Exercise —
Give back every record exactly, with its pictures left out.

Exercise inputs —
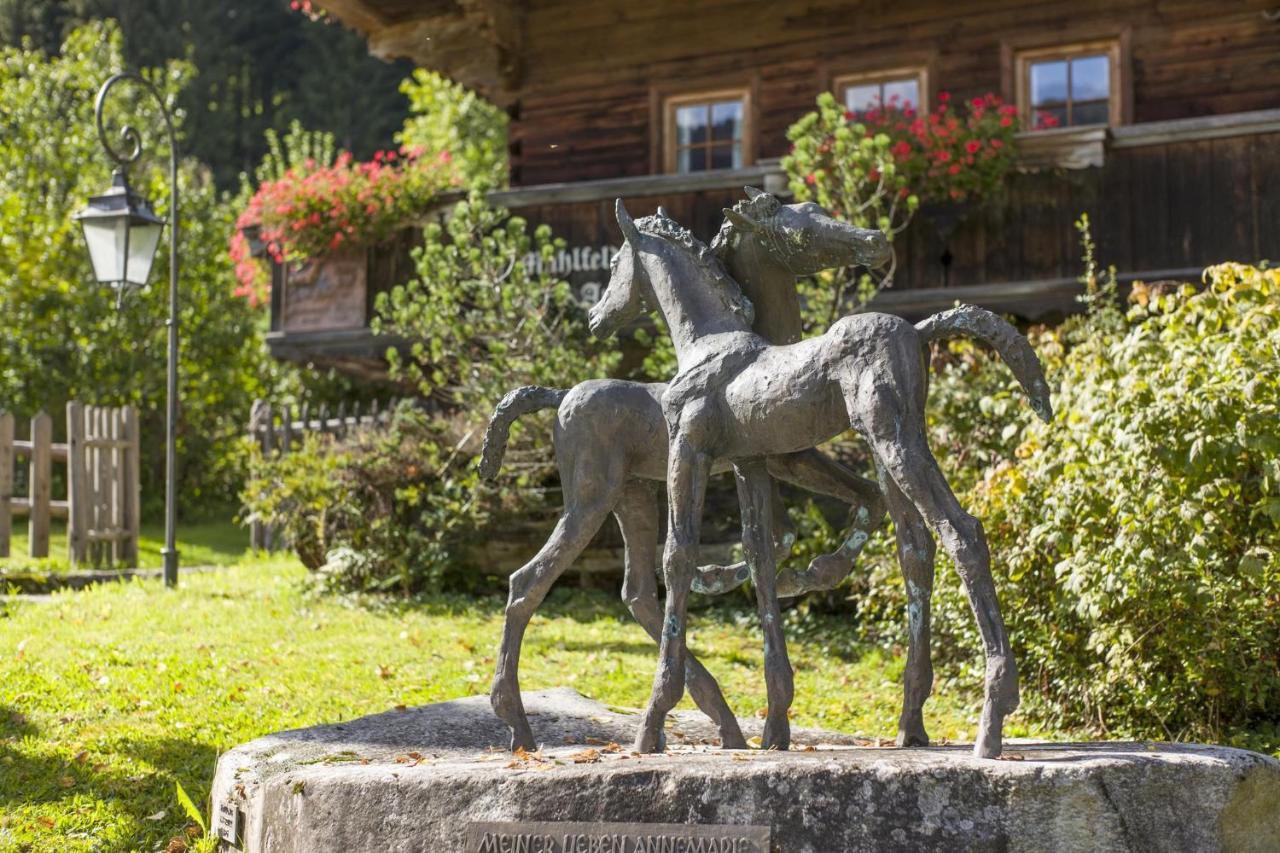 Muhlfeldhof Appartement Hopfgarten im Brixental Buitenkant foto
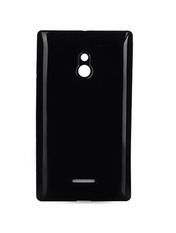 Чохол яUAG Copy Transparent для Nokia XL Dual Sim Black Black (215123)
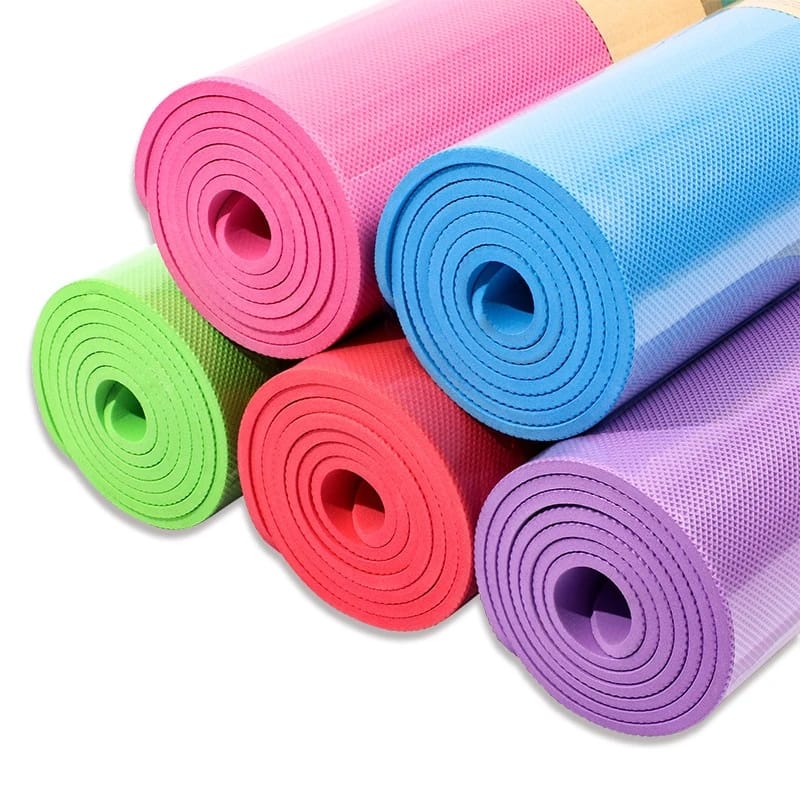 Yoga mat for Exercise and Fitness-Pink(SA2553-14)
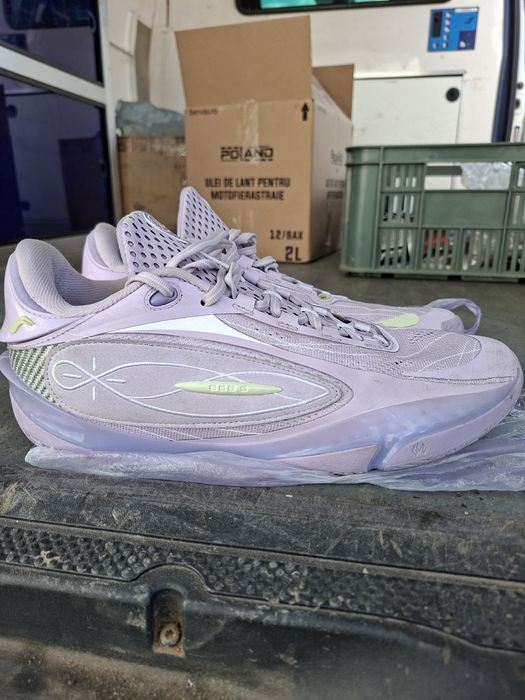 Li-Ning Wade 808 5 Ultra Lavender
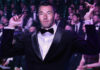 Joel Edgerton Going Nuts In Hopes Of Getting On Oscars Jumbotron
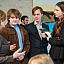 Zanda Kalniņa-Lukaševica piedalās diskusijā "Demokrātijas krustcelēs"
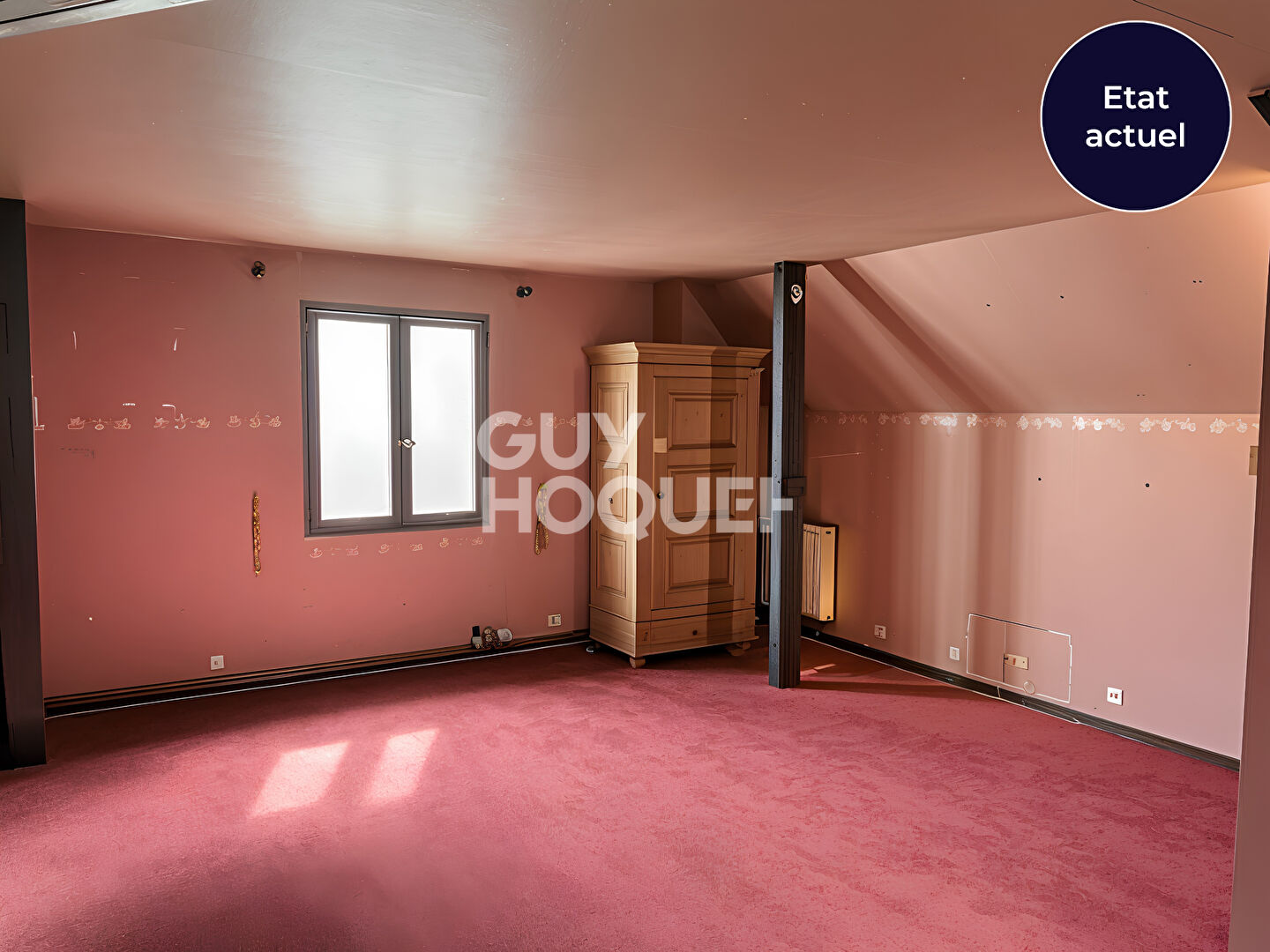À vendre à Urbeis - Maison familiale 6 pièces avec grand terrain de 18,26 ares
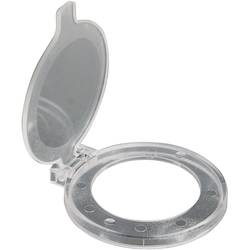 Schlegel KD22RR Schutzklappe für USB-Einbaubuchse KD22RR Schutzkappe Transparent 1 St.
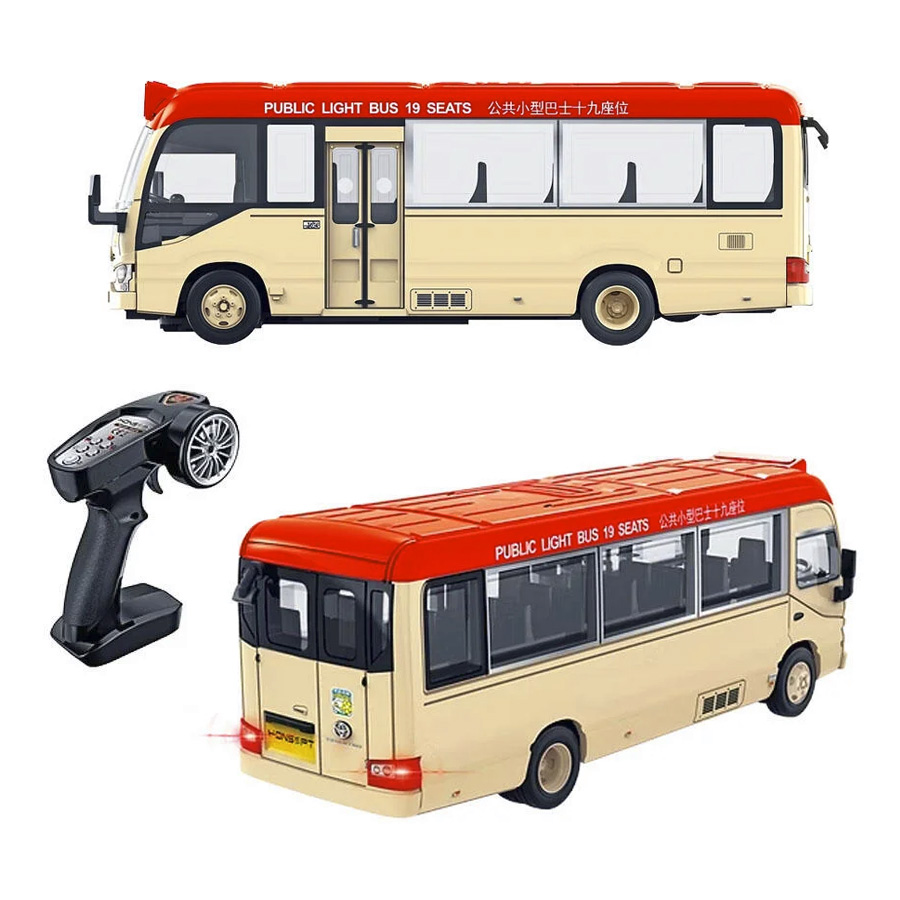 迷你遙控紅VAN模型車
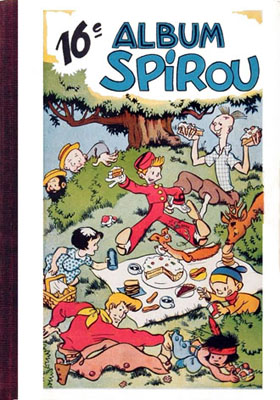 couverture du recueil 16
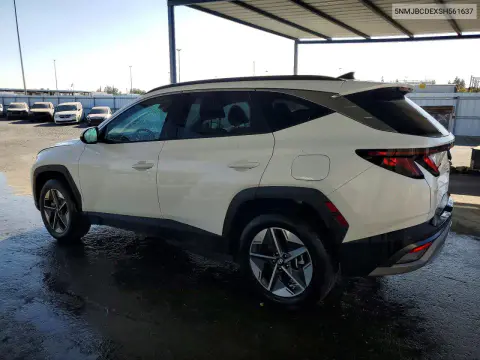2025 Hyundai Tucson Sel VIN 5NMJBCDEXSH561637 фото 2
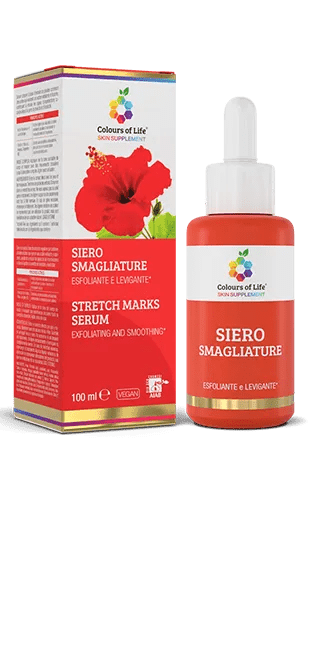 Optima Naturals Colours Life Siero Smagliature 100 Ml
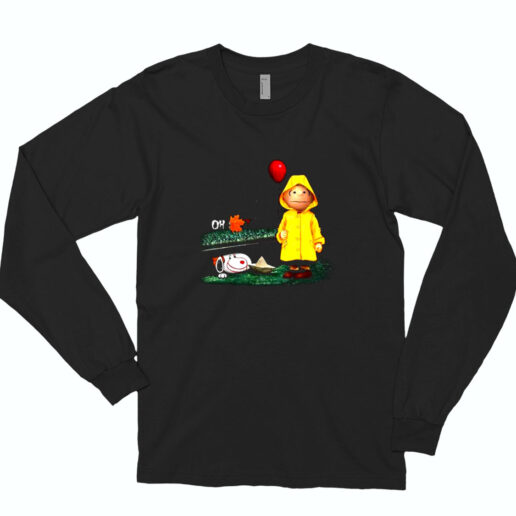Charlie Brown And Snoopy It Essential Long Sleeve Shirt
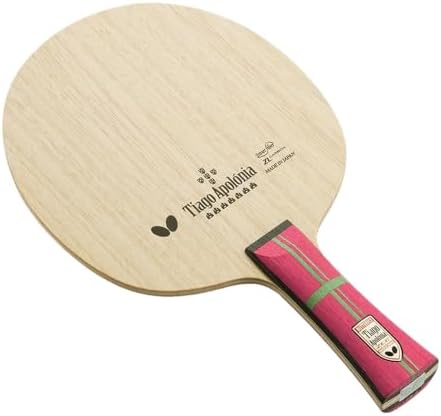 Butterfly Apolonia ZLC Table Tennis Blade - ZL Carbon Blade - Professional Table Tennis Blade - Available in AN, FL, and ST Handle Styles - Made in Japan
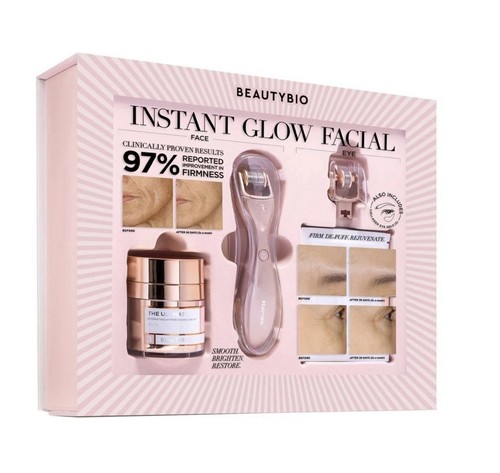 Beautybio instant glow facial - instant,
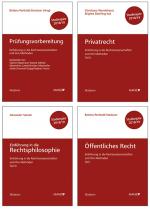Cover-Bild Einführung in die Rechtswissenschaften und ihre Methoden Prüfungsvorbereitung, Teil I, Teil II, Teil III für das Studienjahr 2018/19
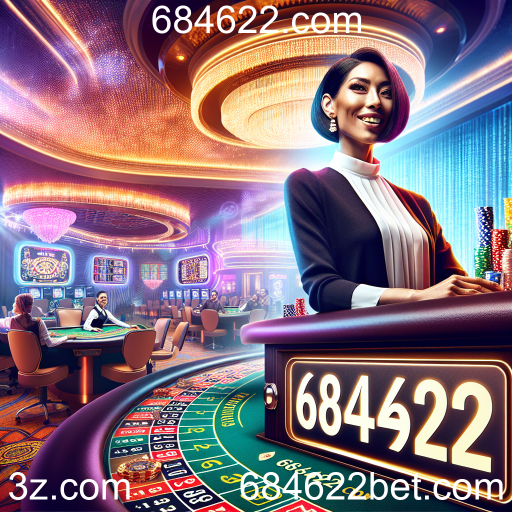 Descubra o Casino Ao Vivo em 684622.com: A Experiência do Cassino na Palma da Sua Mão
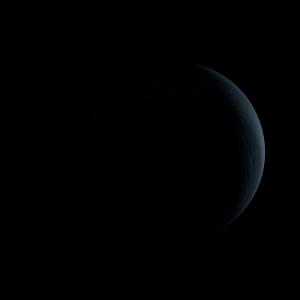 The artist's impression of WASP-130 Ab artist's rendition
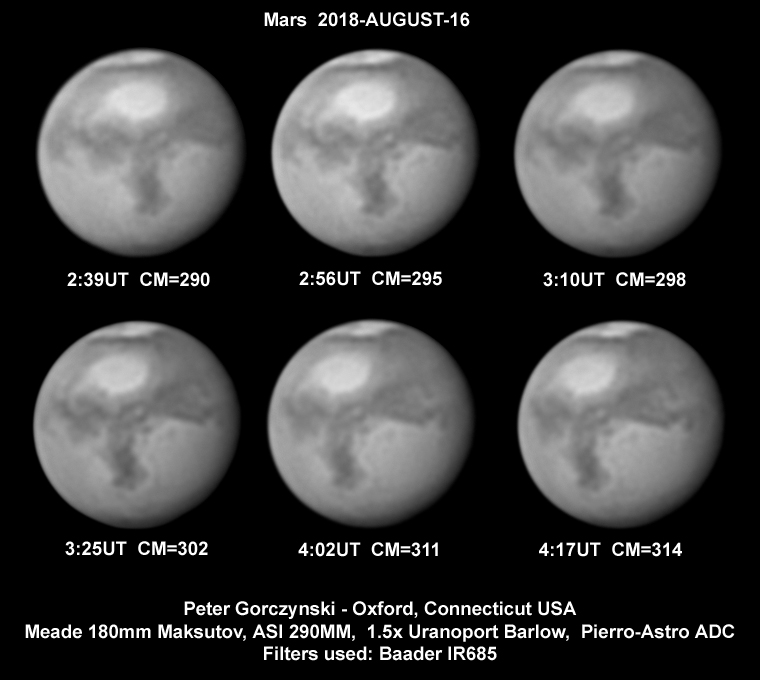 Mars - August 16 from CT - Major & Minor Planetary Imaging - Cloudy Nights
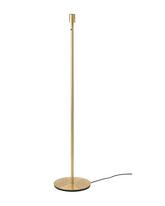 SKAFTET Floor lamp base, brass-colour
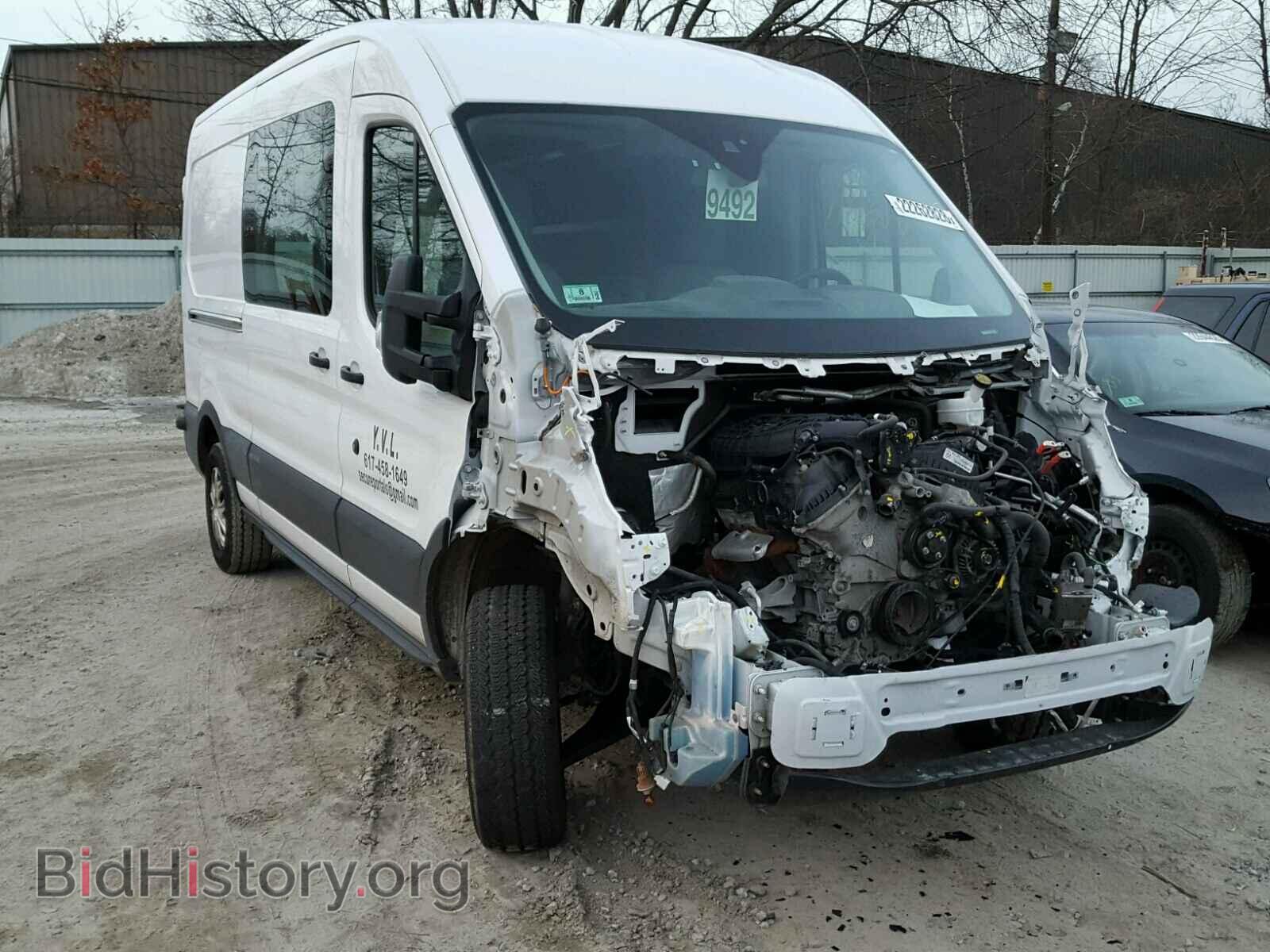 2015 FORD TRANSIT CO - VIN: 1FTNE2CM6FKA01992 - Фото 2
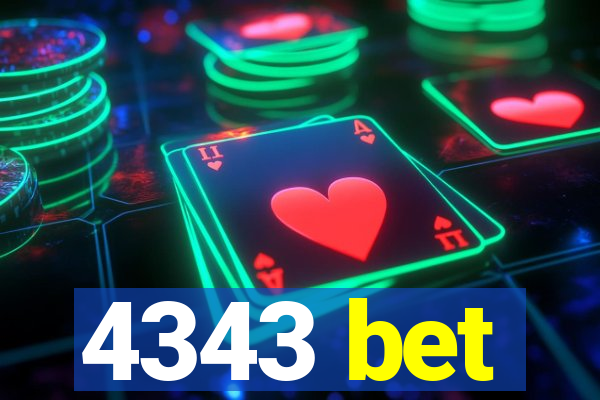 4343 bet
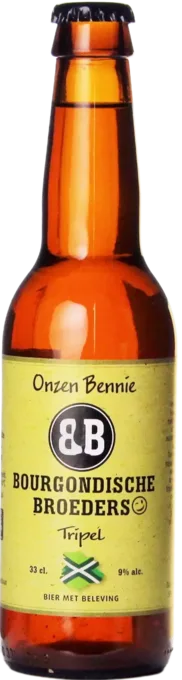 Bourgondische Broeders Onzen Bennie Tripel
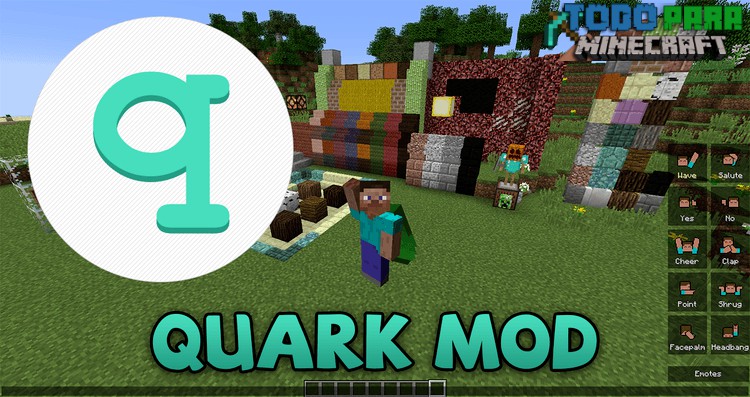 mod Quark para Minecraft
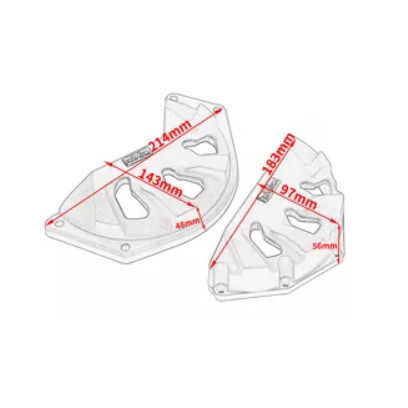 Honda Motorcycle Engine Cover Protector Honda CB 500X Black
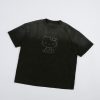 Hello Kitty Oversized Logo Print Tee
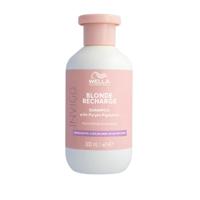 Wella Professionals Invigo Color Recharge Cool Blonde Shampoo 300ml - thumbnail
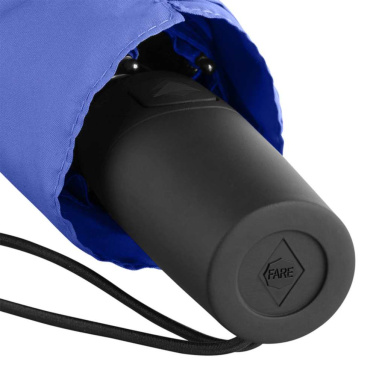 FARE® Automatic Opening Pocket Umbrella with Your Logo, euroblue – detail view 8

Answer to this exercise —
 Muhlfeldhof Appartement Hopfgarten im Brixental Buitenkant foto
 Чохол яUAG Copy Transparent для Nokia XL Dual Sim Black Black (215123)
 Yoga mat for Exercise and Fitness-Pink(SA2553-14)
 Li-Ning Wade 808 5 Ultra Lavender
 Joel Edgerton Going Nuts In Hopes Of Getting On Oscars Jumbotron
 Zanda Kalniņa-Lukaševica piedalās diskusijā "Demokrātijas krustcelēs"
À vendre à Urbeis - Maison familiale 6 pièces avec grand terrain de 18,26 ares
 Schlegel KD22RR Schutzklappe für USB-Einbaubuchse KD22RR Schutzkappe Transparent 1 St.
 迷你遙控紅VAN模型車
 couverture du recueil 16
2025 Hyundai Tucson Sel VIN 5NMJBCDEXSH561637 фото 2
 Optima Naturals Colours Life Siero Smagliature 100 Ml
Charlie Brown And Snoopy It Essential Long Sleeve Shirt
 Butterfly Apolonia ZLC Table Tennis Blade - ZL Carbon Blade - Professional Table Tennis Blade - Available in AN, FL, and ST Handle Styles - Made in Japan
 Beautybio instant glow facial - instant,
Cover-Bild Einführung in die Rechtswissenschaften und ihre Methoden Prüfungsvorbereitung, Teil I, Teil II, Teil III für das Studienjahr 2018/19
 Descubra o Casino Ao Vivo em 684622.com: A Experiência do Cassino na Palma da Sua Mão
 The artist's impression of WASP-130 Ab artist's rendition
 Mars - August 16 from CT - Major & Minor Planetary Imaging - Cloudy Nights
 SKAFTET Floor lamp base, brass-colour
 2015 FORD TRANSIT CO - VIN: 1FTNE2CM6FKA01992 - Фото 2
 4343 bet
 Bourgondische Broeders Onzen Bennie Tripel
 mod Quark para Minecraft
 Honda Motorcycle Engine Cover Protector Honda CB 500X Black
 Hello Kitty Oversized Logo Print Tee
 Wella Professionals Invigo Color Recharge Cool Blonde Shampoo 300ml - thumbnail
 FARE® Automatic Opening Pocket Umbrella with Your Logo, euroblue – detail view 8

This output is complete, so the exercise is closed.